En 1 Reyes 4:31 leemos, "...Él era más sabio que todos los hombres..." Esta sabiduría se ejerció de muchas maneras además del liderazgo. Salomón estudió botánica, construyó el templo y otros grandes edificios, escribió poesía y acumuló mucho dinero.

Así el rey Salomón llegó a ser más grande que todos los reyes de la tierra en riqueza y sabiduría.

- 2 Crónicas 9:22

Se podría decir que tenía el toque de oro porque su sabiduría le daba la capacidad de tener éxito en todo lo que hacía. Como un individuo sumamente exitoso, Salomón estaba bien equipado para dar consejos a otros sobre cómo alcanzar y mantener el éxito. En nuestro tiempo de estrés económico e incertidumbre, creo que sería provechoso para nosotros revisar la estrategia de éxito de Salomón que se encuentra en Eclesiastés 11:1-10.

El libro de Eclesiastés es muy parecido a un diario personal. En su sabiduría, Salomón trató de descubrir de qué se trataba realmente la vida y si era posible ser verdaderamente feliz sin Dios. Él experimentó deliberadamente con todas las grandes atracciones de la vida:

  • Placeres sensuales y sexuales de todo tipo
  • Bebidas fuertes y su efecto
  • Proyectos creativos de construcción
  • Adquirir conocimiento en las ciencias de su tiempo
  • La búsqueda y el ejercicio del poder político

Mientras experimentaba con estas cosas, Salomón fue cuidadoso en registrar sus observaciones acerca de lo que sentía y aprendía de sus experiencias.
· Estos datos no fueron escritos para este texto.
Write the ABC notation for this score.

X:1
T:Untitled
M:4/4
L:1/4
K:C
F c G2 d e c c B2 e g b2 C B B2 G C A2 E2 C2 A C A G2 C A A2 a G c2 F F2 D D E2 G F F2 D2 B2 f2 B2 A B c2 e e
Cerca del final del libro hay un capítulo que describe cómo alcanzar y mantener el éxito a lo largo de la vida. Aquí, en forma resumida, están las siete estrategias de Salomón para el éxito:

1. Tienes que dar para recibir

Echa tu pan sobre las aguas,

que después de muchos días lo hallarás.

- Eclesiastés 11:1

Este es un principio de negocios que todas las personas exitosas aprenden de inmediato. No hay retorno sin inversión, no hay recompensa sin riesgo. Esto es cierto si quieres tener éxito como ejecutivo de negocios, así como estudiante o como cónyuge en un matrimonio. No hay oportunidades de éxito en ninguno de estos u otros emprendimientos sin una inversión de tiempo, esfuerzo, autodisciplina y entrega general de uno mismo.
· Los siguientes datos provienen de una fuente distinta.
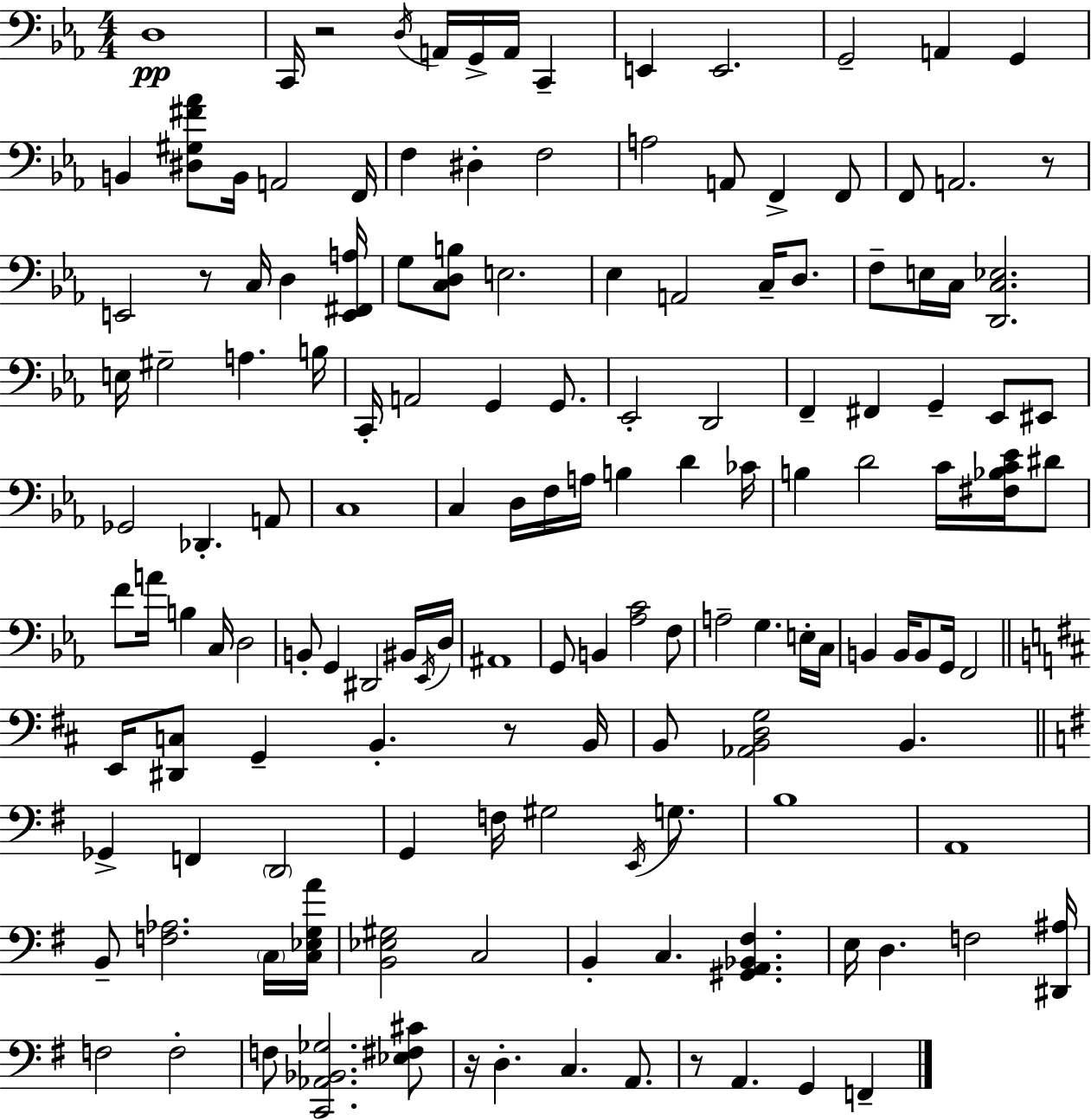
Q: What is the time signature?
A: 4/4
Las personas que fracasan usualmente tienen excusas y culpan, resentimiento y enojo. Aquellos que tienen éxito, por otro lado, lo hacen porque estuvieron dispuestos a renunciar a algo de sí mismos para alcanzar sus metas. El viejo dicho es tan cierto hoy como lo fue en los días de Salomón: "Cuanto más das, más recibes."

2. Diversificar

Reparte tu porción con siete, o aun con ocho,
porque no sabes qué mal puede venir sobre la tierra.

- Eclesiastés 11:2

Las personas exitosas entienden la realidad del mundo, que a veces (más a menudo de lo que no) suceden cosas malas.
Estar preparado para esto es sabio. Es inteligente tener un plan de respaldo, una segunda oportunidad. El éxito no siempre llega con la primera carrera, el segundo intento o la tercera idea. A veces llega más tarde, después de varios intentos y en un área que nunca hubiéramos imaginado. Por ejemplo, la compañía IBM creía que solo habría un mercado para dos o tres de sus computadoras en la década de 1950, pero continuaron desarrollando y ampliando sus productos y aplicaciones de todos modos y crecieron hasta convertirse en el líder internacional que es hoy.

Las personas exitosas desarrollan tantos de sus talentos y persiguen tantas oportunidades como el tiempo y la energía permiten.

3. No te preocupes por lo que no puedes cambiar

Si las nubes están llenas,
derraman lluvia sobre la tierra;
y caiga el árbol al sur o al norte,
donde cae el árbol allí se queda.

- Eclesiastés 11:3

Salomón usa ejemplos de la naturaleza para demostrar situaciones sobre las cuales no tenemos control y que no podemos cambiar una vez que ocurren. La idea es que no siempre tenemos éxito en cada paso. Suceden cosas que no podemos controlar y cuando suceden, tenemos que adaptarnos a las circunstancias.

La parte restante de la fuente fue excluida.